Bunun artık bir paranoyaya döndüğü yer ise filmde yer alan Atatürk ile İsmet İnönü arasındaki bana bile çok samimi gelen barışma notlaşmasıyla ilgili şu yorum: “Bununla birdenbire parlayıp en yakın dostunu görevden alan ve arkasından hemen normale dönen dengesiz biri yorumu yapılabilir.”
Pes dedirtecek kısımlardan biri de Atatürk’ün Makedonya’dan gelen hemşerileriyle Dolmabahçe’de eğlenirken gösteren filmdeki sahnenin (nedense) açıklanma çabası. Meğerki Atatürk’ün halaybaşı olması bile aslında vatani bir görevmiş, Sovyetlere karşı Balkan Paktı projesine destekmiş amaç.
Zaaf göstermeyen, korkmak bilmeyen bir Atatürk’ün eğlenmesini beklemek kimin haddineymiş.
Yazıda, kurumun zihin dünyasını ele veren bölümler de var.
Atatürk’ün filmde Hatay ile ilgili çeteci, maceraperest gösterilmesi “Atatürk, Türkiye’nin devlet olarak Fransa ile savaş durumuna gelmesi ihtimaline karşı gayriresmî çete olgusuna dahi başvurulabileceğini dile getirmiştir” diye savunulmuş. Nereden hatırlıyoruz bunu?
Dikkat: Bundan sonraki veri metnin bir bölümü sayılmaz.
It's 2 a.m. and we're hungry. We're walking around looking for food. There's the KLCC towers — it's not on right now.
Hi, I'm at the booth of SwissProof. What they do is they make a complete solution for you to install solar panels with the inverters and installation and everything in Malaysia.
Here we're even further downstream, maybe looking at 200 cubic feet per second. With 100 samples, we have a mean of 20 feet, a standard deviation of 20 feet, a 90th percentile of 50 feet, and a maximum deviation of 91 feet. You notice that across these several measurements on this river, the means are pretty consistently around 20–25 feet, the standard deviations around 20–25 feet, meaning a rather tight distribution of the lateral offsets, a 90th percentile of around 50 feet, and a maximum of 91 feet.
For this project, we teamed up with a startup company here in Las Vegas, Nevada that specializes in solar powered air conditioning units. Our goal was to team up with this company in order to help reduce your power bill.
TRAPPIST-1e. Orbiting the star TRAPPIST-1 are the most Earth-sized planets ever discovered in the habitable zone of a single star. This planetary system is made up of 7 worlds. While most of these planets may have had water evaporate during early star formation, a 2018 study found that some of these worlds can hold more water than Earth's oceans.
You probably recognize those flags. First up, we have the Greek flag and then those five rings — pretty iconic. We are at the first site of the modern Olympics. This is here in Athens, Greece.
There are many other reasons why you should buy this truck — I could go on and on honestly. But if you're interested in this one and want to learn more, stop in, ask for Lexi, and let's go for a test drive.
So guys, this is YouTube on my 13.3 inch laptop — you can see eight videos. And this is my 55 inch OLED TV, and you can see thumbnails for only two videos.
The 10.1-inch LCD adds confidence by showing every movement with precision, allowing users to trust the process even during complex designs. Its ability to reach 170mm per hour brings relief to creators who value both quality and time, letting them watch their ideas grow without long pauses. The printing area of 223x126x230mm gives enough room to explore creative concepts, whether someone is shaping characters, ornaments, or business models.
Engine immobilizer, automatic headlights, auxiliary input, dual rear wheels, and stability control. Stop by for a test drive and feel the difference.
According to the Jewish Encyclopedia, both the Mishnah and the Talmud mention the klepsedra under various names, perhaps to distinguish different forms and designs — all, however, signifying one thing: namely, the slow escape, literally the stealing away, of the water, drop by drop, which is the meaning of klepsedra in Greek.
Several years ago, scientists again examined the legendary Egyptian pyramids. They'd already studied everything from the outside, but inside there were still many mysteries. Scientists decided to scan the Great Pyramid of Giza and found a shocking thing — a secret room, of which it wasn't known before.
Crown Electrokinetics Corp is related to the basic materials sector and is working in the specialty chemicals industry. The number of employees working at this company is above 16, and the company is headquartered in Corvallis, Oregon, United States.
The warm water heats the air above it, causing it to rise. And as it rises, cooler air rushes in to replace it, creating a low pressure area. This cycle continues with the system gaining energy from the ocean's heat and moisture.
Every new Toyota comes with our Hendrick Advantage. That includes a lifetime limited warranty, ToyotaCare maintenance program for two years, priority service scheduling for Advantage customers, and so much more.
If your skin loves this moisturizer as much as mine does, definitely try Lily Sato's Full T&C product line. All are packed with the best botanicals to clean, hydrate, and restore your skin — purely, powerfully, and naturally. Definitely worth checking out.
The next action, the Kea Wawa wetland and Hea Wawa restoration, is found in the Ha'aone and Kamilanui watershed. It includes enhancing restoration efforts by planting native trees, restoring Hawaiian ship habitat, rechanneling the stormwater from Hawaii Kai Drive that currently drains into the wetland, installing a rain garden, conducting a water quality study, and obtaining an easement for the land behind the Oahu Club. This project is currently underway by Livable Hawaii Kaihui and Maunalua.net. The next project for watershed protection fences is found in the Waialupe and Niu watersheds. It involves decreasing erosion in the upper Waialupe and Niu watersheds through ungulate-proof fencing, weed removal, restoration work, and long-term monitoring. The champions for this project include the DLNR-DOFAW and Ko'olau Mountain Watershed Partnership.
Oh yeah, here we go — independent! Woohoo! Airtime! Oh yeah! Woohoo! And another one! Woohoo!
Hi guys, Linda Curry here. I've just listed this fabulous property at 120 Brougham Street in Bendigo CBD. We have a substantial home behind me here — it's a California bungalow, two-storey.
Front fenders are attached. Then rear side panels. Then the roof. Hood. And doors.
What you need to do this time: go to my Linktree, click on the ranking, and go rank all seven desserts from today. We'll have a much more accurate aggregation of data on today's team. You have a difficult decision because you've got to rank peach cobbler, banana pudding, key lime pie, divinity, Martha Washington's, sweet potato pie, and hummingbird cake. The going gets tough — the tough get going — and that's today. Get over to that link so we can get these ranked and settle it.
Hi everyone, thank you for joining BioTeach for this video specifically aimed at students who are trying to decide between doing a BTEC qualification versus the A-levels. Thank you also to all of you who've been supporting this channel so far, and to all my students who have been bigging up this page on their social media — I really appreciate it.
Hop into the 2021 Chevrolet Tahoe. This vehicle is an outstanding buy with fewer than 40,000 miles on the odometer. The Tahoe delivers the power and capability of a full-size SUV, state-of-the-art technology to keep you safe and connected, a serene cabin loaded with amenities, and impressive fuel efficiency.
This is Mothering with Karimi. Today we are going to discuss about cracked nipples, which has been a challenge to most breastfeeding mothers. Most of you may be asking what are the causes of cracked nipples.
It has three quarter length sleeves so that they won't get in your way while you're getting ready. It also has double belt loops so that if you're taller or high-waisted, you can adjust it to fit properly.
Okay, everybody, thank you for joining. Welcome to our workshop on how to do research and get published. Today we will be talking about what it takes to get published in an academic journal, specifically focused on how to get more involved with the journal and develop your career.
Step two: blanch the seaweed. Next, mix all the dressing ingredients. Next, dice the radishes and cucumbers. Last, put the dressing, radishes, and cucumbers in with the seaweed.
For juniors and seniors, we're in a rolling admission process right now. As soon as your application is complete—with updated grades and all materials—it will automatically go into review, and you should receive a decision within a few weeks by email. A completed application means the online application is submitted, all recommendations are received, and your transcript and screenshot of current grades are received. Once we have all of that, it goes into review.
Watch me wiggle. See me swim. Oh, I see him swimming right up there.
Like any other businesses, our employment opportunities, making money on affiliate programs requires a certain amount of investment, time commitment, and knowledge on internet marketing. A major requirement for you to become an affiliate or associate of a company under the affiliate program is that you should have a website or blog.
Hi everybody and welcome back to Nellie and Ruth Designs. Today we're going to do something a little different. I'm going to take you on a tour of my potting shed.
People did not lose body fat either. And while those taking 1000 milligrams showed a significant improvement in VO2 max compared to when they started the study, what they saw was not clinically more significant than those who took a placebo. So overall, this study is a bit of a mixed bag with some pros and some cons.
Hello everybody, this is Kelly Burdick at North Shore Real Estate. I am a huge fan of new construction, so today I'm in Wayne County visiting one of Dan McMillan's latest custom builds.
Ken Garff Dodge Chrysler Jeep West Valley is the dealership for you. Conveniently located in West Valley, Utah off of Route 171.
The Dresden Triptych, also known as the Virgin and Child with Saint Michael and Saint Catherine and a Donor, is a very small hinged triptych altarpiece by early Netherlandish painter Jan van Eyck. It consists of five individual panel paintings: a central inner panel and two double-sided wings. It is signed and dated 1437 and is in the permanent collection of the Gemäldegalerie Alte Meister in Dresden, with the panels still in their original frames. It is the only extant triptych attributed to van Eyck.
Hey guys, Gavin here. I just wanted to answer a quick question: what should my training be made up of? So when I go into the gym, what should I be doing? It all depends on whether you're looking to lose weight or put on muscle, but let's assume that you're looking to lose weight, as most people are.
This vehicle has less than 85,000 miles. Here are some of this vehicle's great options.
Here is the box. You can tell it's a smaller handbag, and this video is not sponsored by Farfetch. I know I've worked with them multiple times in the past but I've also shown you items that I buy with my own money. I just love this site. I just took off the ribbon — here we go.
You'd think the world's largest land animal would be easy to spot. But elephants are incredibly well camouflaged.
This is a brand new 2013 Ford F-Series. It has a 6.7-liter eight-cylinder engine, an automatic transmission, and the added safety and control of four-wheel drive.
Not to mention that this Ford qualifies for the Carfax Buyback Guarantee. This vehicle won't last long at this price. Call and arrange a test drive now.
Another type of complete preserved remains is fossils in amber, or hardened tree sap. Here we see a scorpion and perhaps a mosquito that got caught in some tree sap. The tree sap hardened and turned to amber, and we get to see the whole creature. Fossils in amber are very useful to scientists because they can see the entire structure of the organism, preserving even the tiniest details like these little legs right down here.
Atatürk’ün Büyük Taarruz planının Kartacalı Hanibal’den esinlendiğini söylediği filmdeki bölüm kuruma göre “Atatürk’ün yaptıklarını Batı kültür ve kaynaklarına dayandırma gayreti ve zorlaması.” Kardeşinin deniz kenarındaki mezarına çakalların saldırdığı bölümse “Türk kültür tarihinin hiçbir döneminde deniz kenarında mezar yapma âdeti yoktur” denerek yalanlanmış. Atatürk’ün “dinsiz” gösterildiği yerler ise o sözlerin alındığı Medeni Bilgiler kitabının yazarı Afet İnan’ın tercihlerine fatura edilmiş.
Ne diyelim devletin resmî Atatürk Araştırma Merkezi’nin çekeceğini duyurduğu Mustafa’ya alternatif “İnsan olmayan Atatürk” filmini sabırsızlıkla bekliyoruz.